I found out about it because Decanter magazine recently published the results of a tasting of 55 Corbières reds and the Castelmaure came equal top with 95 points out of 100. That’s the sort of score Bordeaux wines selling for over £30 a bottle would be pleased to have. The tasters found it rich and powerful with an aroma of black fruits, fine leather and soft spice. 

The Corbières is that windswept, rugged part of France between Narbonne and the Pyrenees bordering the Mediterranean coast. It’s dotted with ruined castles where the last of the Cathars held out against persecution in the 13th century and they’ve been making wine there since the Romans. The village of Embrès-et-Castelmaure is perched on a hilly plateau just 22 miles in from the sea. That’s the first clue as to why their wine is special. It’s so hot in the Corbières that it’s easy to make bland, blousy wine with grapes that have ripened too quickly. Castelmaure’s altitude in the foothills of the Serre mountain keeps them that bit cooler. 

The second clue is that the vineyards are steep and the soil arid – hopeless conditions for making lots of cheap wine, prefect for
wine of quality. The grapes have to be picked by hand and the
yield is inevitably low. And, to ensure that none of the wine growers aims for quantity rather than quality, the Co-op pays by the size of the vineyard, not by the weight of grapes grown. A low yield means that the flavours are concentrated.
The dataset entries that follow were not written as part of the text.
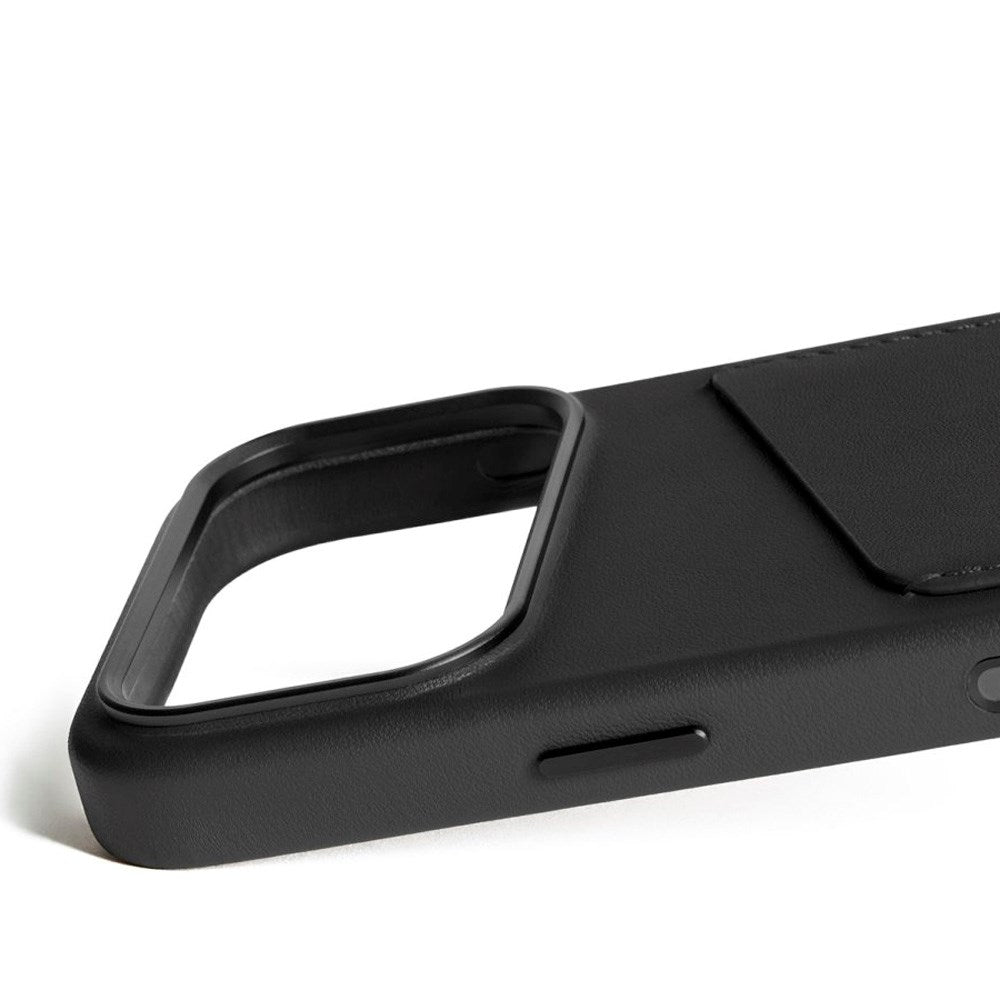 Mujjo iPhone 17 Pro Wallet Leather Case - MagSafe Compatible - Black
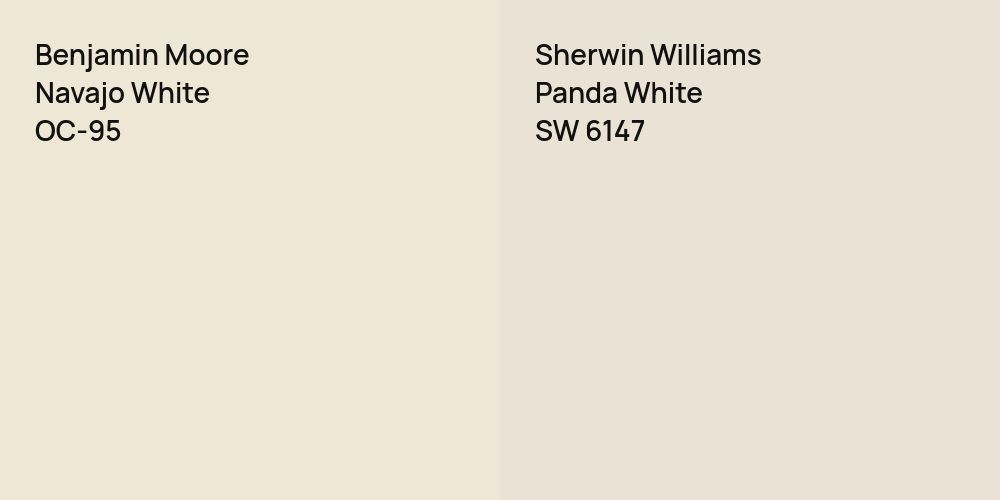 Benjamin Moore Navajo White vs. Sherwin Williams Panda White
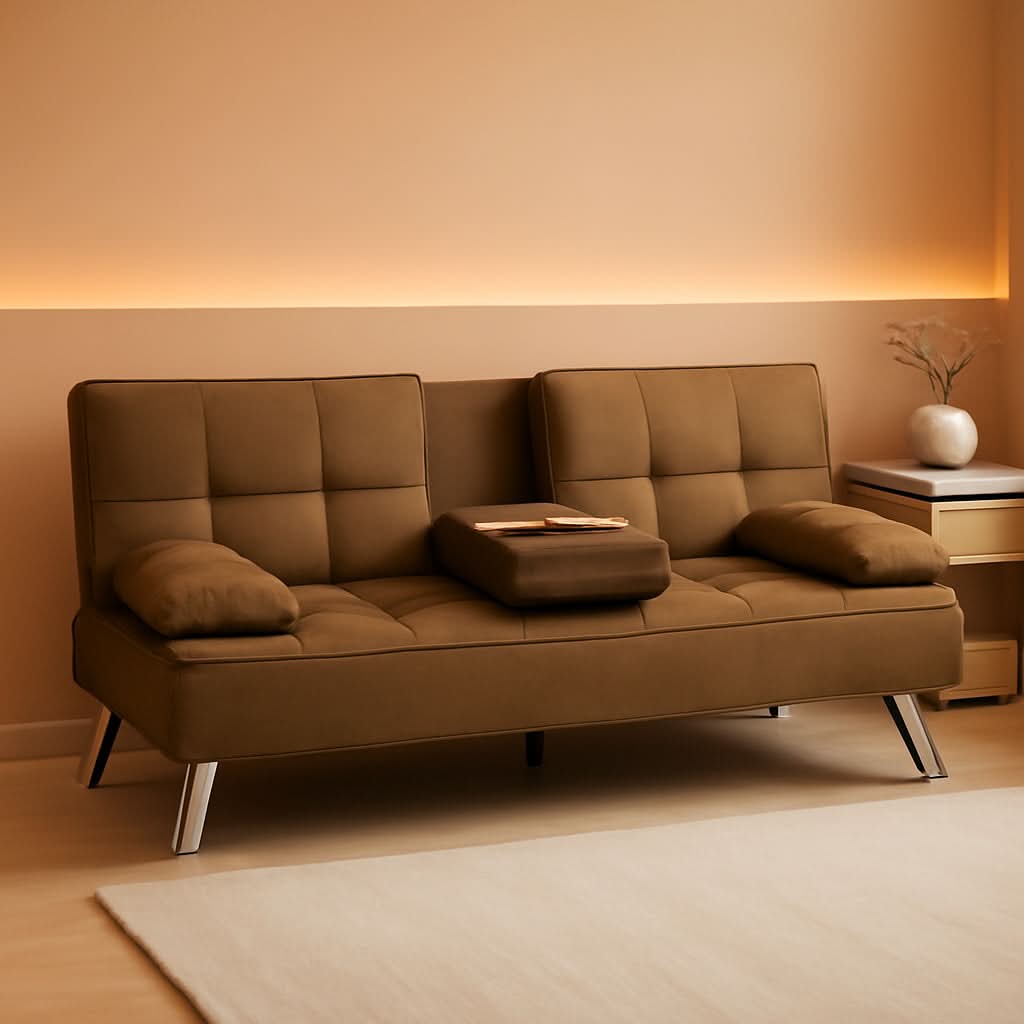 Linen Modern Folding Futon Sofa Bed With Cupholders Brown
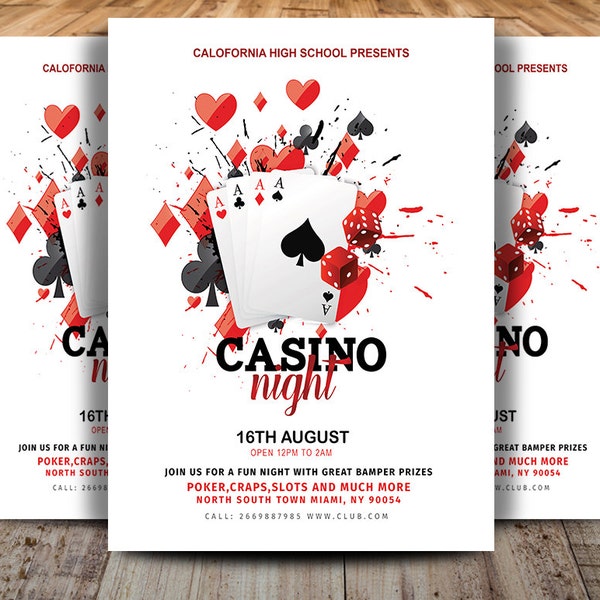 Casino Night Poker Flyer Invitation Poster Church School Community Gambling Flyer MS Word Template Photoshop Template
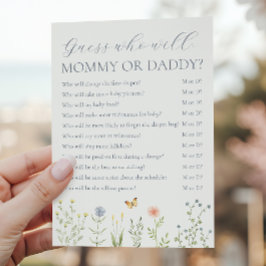 Vilda Blomma Mamma eller Pappa Baby Shower Spel Rådkort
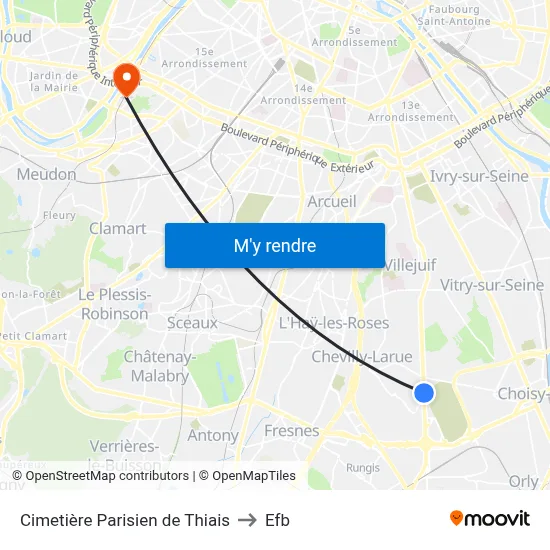 Cimetière Parisien de Thiais to Efb map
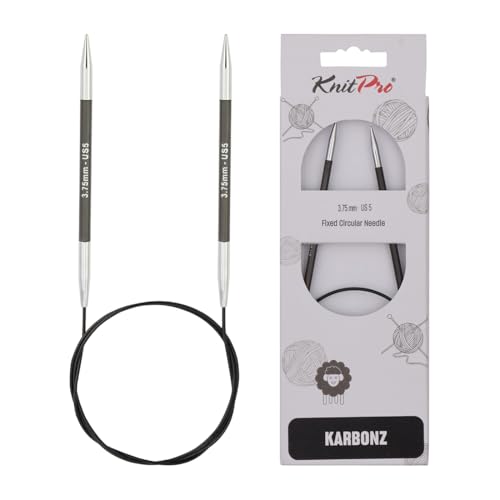 KnitPro Karbonz Fixed Circular Needle 32"(80cm) | US Size 5 (3.75mm) - size: US 5 (3.75mm)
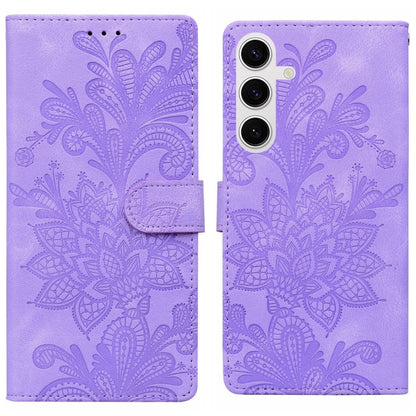 Lace Floral Embossed Magnetic Buckle PU Phone Case With Wrist Strap, For Samsung Galaxy S25 5G, For Samsung Galaxy S25+ 5G, For Samsung Galaxy S25 Ultra 5G, For Samsung Galaxy S24 Ultra 5G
Which brings us to the third clue: all wine made under the Castelmaure label (and there are cheaper Castelmaure wines than this one) comes from the village Co-operative: it’s what the village does. It helps that the actual winemaker, Bernard Pueyo, who has been there since 1983, is passionate about what he does. As he says on the label, the Co-op prefers to make wine with the flavours of the local “garrigue” rather than bother with the flim-flam (the word he uses in French is “falbalas”) of professional experts.
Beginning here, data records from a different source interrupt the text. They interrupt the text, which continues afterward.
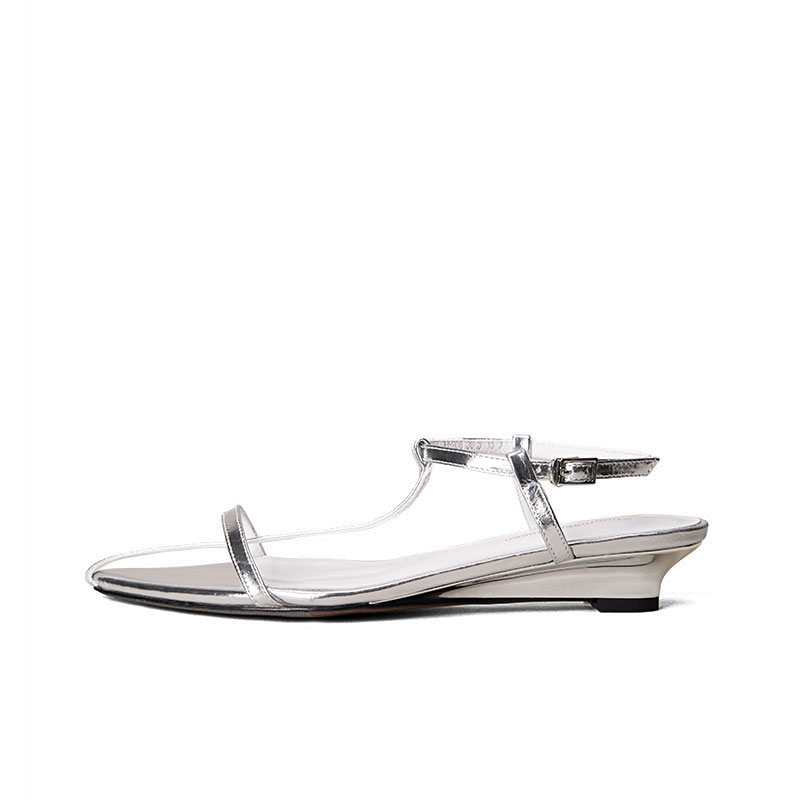 SHOEMAKER QUEEN Женские сандалии на одной застежке серебристые на платформе, цвет Silver-Wedge Heel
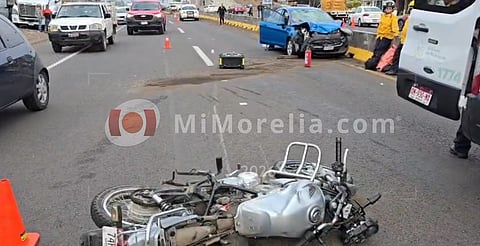 Motociclista muere tras choque en la Morelia-Pátzcuaro; hay una mujer lesionada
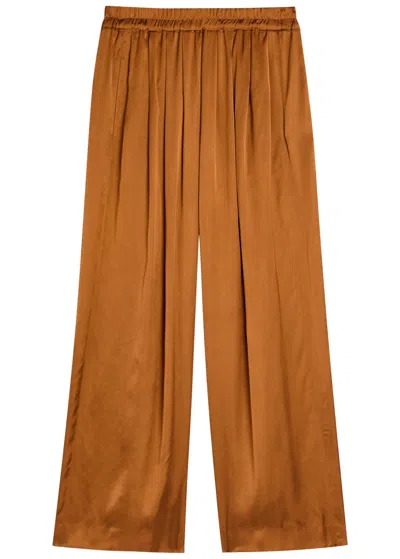 Isabel Marant Nolia Wide-leg Satin Trousers In Caramel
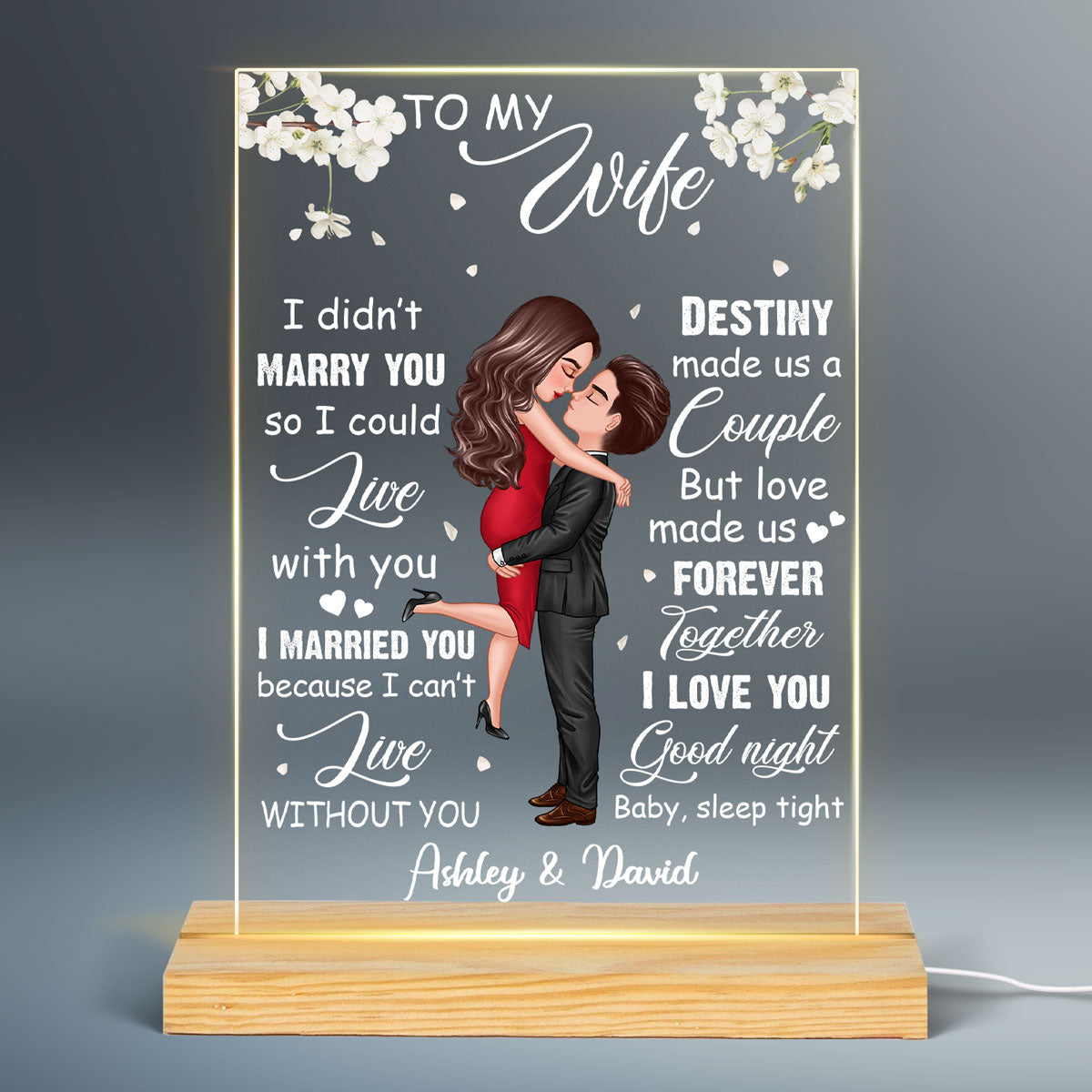 To My Wife Flower Hugging Couple Personalized Rectangle Acrylic LED Lamp Night Light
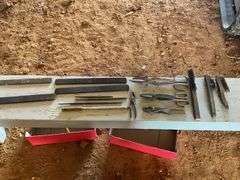 2 Flat of files, wire brushes, tin snips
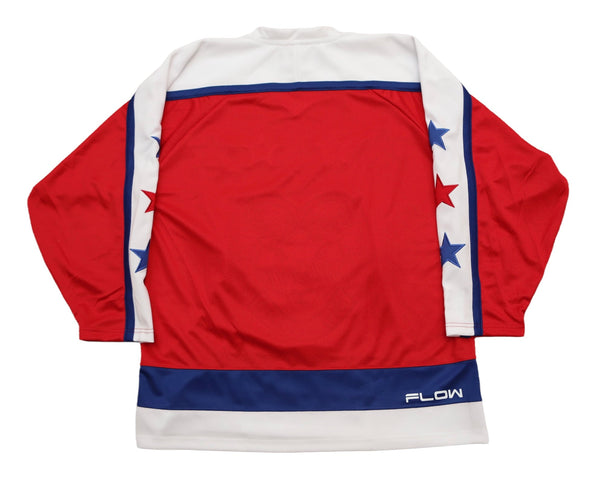 Billings Bighorns Red Jersey (BLANK) with retro star accents on sleeves and blue and white band detailing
Then there’s the detail of how the wine is made. At least half of the grapes are fermented by carbonic maceration. This means the grapes are not crushed but allowed to break open as they ferment. It gives more flavour to the wine, especially with Carignan; and 20% of the grapes of this wine are Carignan, the rest being Syrah and Grenache. Then the wine is aged for 11 months in small oak barrels (“barriques”) as in Bordeaux. I don’t find that the wine tastes of oak (that’s an unmistakable vanilla flavour) but it’s the oak that permits the development of those flavours of leather and spice. 

Why have I gone into such detail? Because I find that understanding all those points adds hugely to my enjoyment of this gorgeous, rich and complex wine.